[Data under study]
- Opening Delimiter -

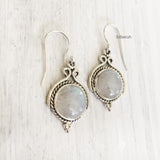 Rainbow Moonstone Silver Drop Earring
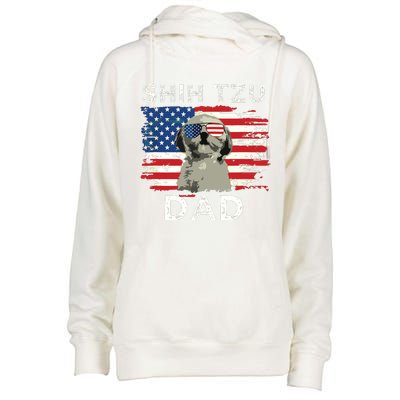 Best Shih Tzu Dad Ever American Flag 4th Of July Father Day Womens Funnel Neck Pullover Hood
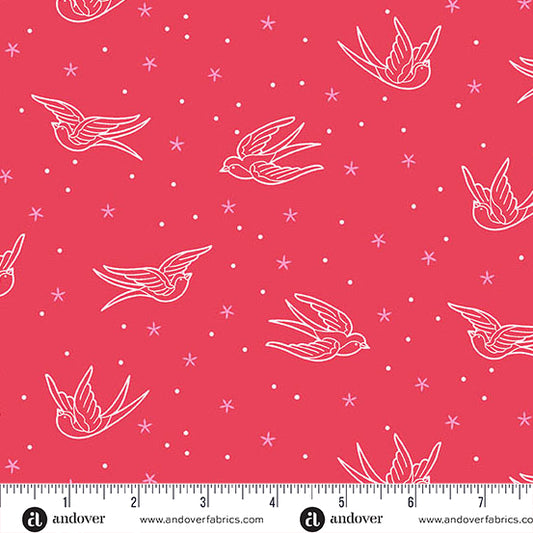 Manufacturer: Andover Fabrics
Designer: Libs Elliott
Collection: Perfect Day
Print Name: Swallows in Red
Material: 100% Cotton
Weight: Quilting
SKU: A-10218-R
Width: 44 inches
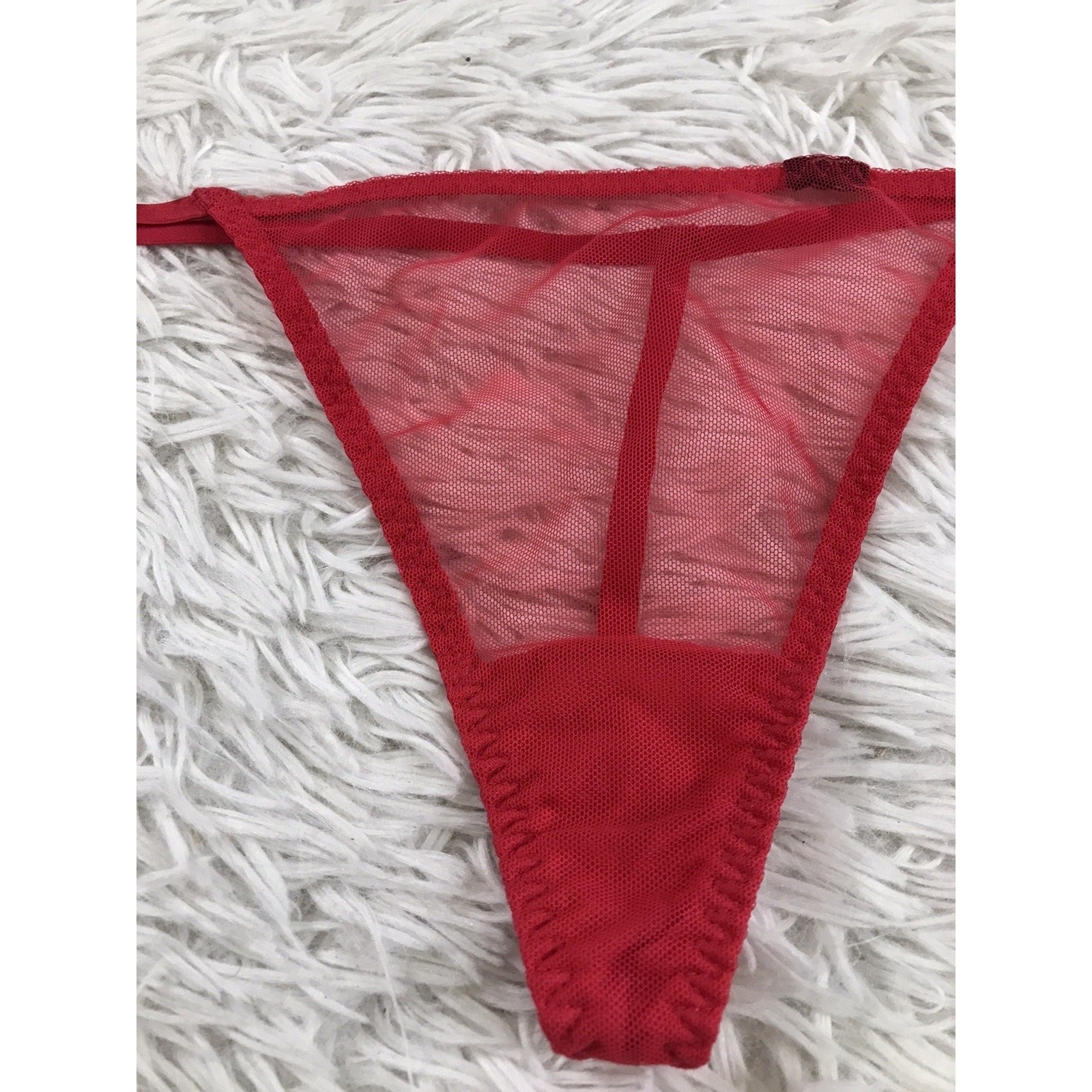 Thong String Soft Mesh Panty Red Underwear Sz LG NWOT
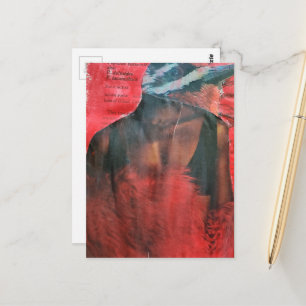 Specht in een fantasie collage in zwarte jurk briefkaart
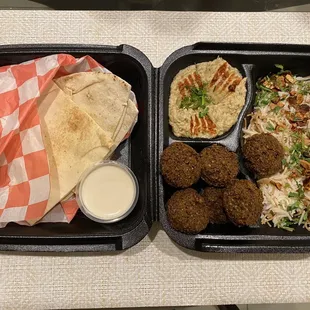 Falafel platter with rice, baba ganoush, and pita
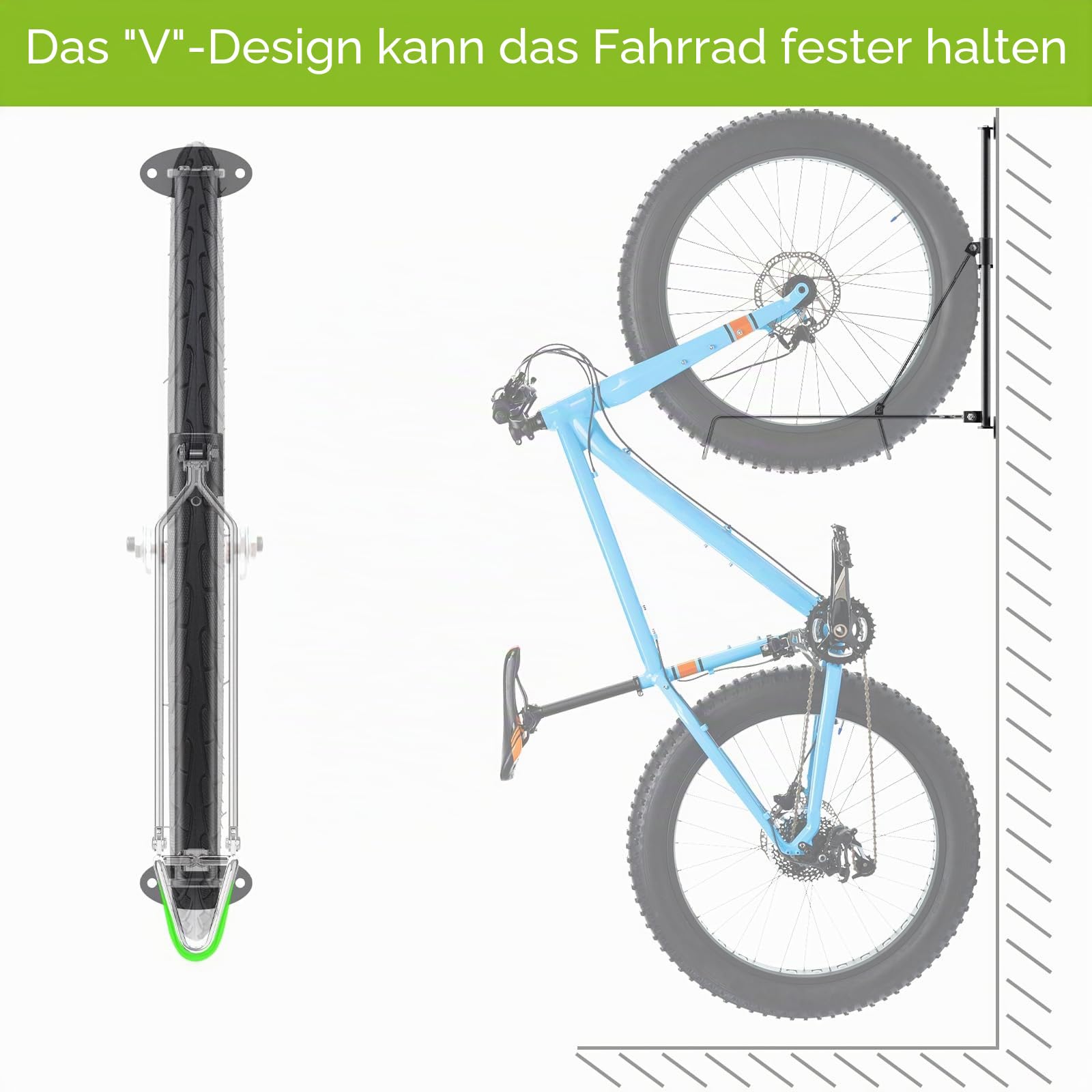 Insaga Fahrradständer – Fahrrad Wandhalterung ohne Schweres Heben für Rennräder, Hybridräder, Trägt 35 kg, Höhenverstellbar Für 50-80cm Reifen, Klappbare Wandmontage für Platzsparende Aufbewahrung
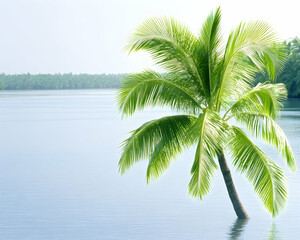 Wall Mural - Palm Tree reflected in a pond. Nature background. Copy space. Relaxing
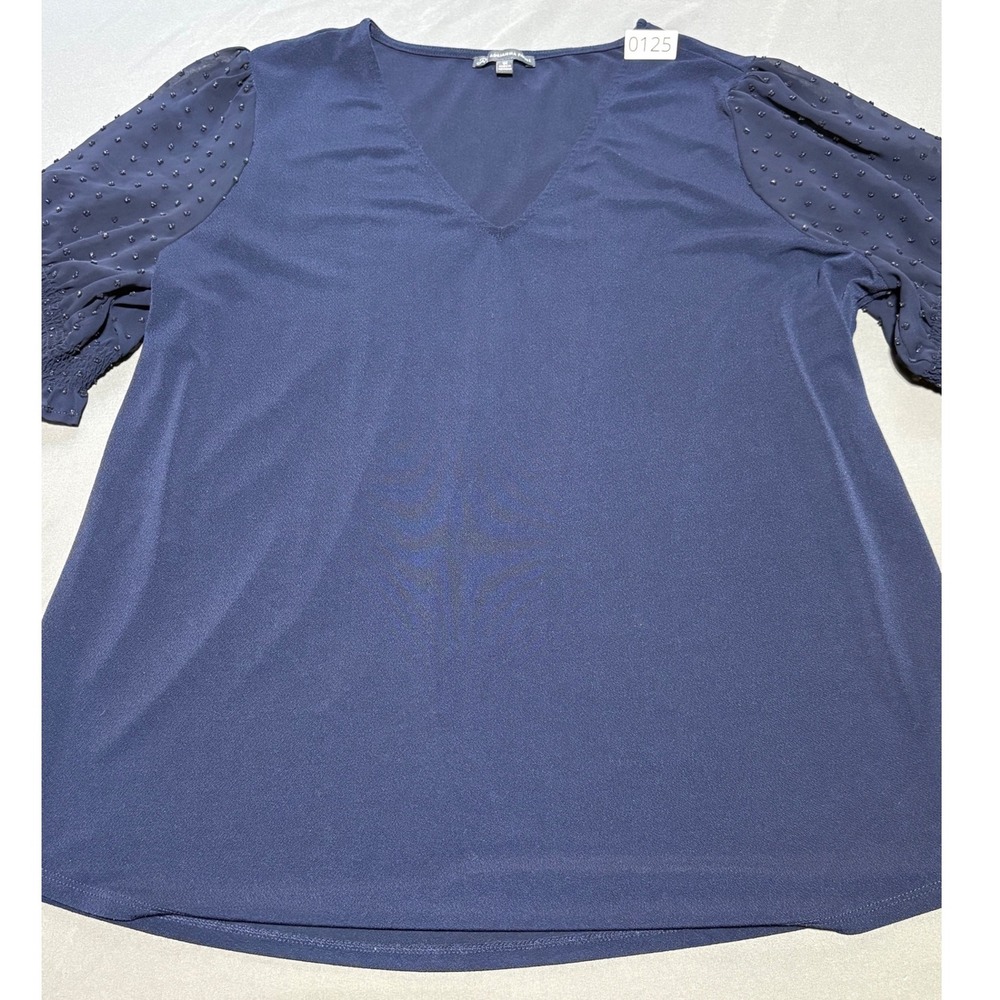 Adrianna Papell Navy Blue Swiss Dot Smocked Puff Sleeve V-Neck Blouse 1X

- Closing Delimiter -
- Opening Delimiter -

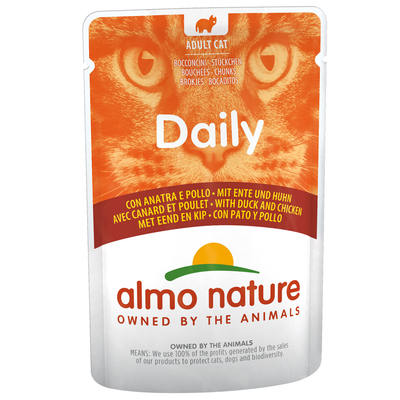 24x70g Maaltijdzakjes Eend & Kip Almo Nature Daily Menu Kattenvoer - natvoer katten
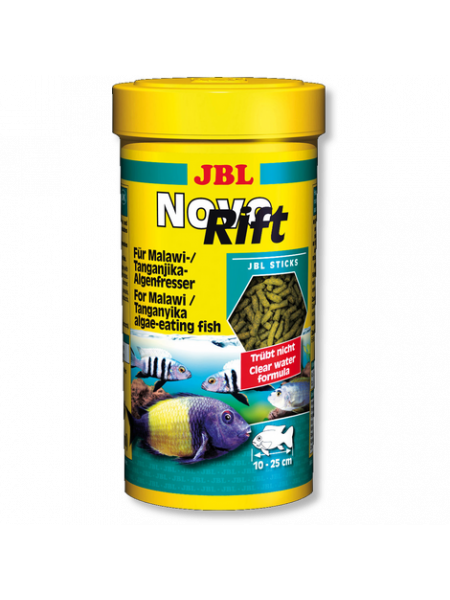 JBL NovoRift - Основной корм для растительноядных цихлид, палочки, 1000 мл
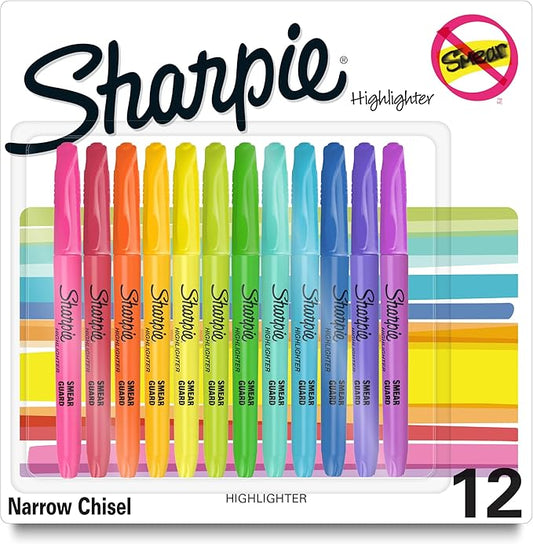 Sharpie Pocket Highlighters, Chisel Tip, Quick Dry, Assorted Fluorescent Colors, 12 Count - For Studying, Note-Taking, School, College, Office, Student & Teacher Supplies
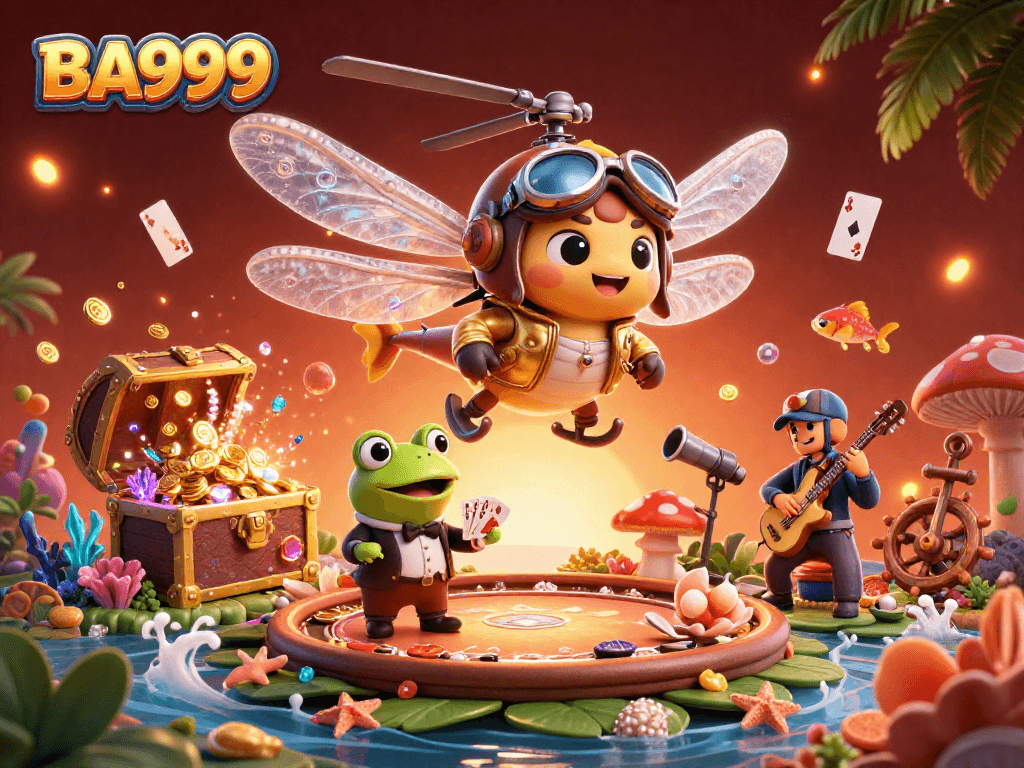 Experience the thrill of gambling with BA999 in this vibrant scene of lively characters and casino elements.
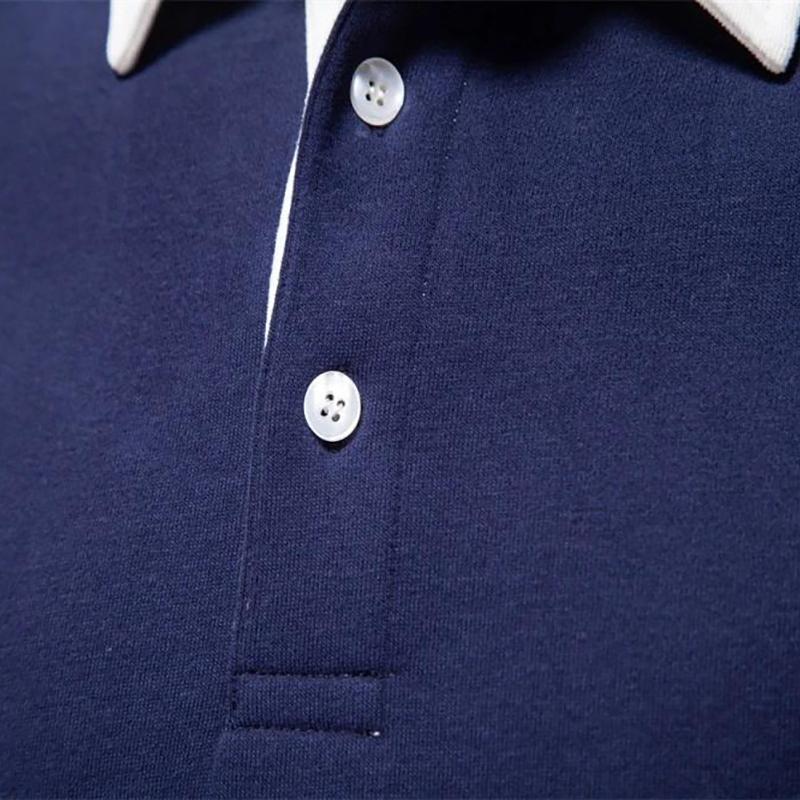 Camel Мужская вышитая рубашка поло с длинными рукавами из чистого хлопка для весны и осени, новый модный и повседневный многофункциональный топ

- Closing Delimiter -

[Aim of the task]
Look above for the line with "Thong String Soft" and the line with "Adrianna Papell Navy", then restate exactly those two lines and all lines between them, with no pictures.

[Solution to this exercise]
 Thong String Soft Mesh Panty Red Underwear Sz LG NWOT
 Specht in een fantasie collage in zwarte jurk briefkaart
 Falafel platter with rice, baba ganoush, and pita
 Insaga Fahrradständer – Fahrrad Wandhalterung ohne Schweres Heben für Rennräder, Hybridräder, Trägt 35 kg, Höhenverstellbar Für 50-80cm Reifen, Klappbare Wandmontage für Platzsparende Aufbewahrung
 Wall Mural - Palm Tree reflected in a pond. Nature background. Copy space. Relaxing
 Adrianna Papell Navy Blue Swiss Dot Smocked Puff Sleeve V-Neck Blouse 1X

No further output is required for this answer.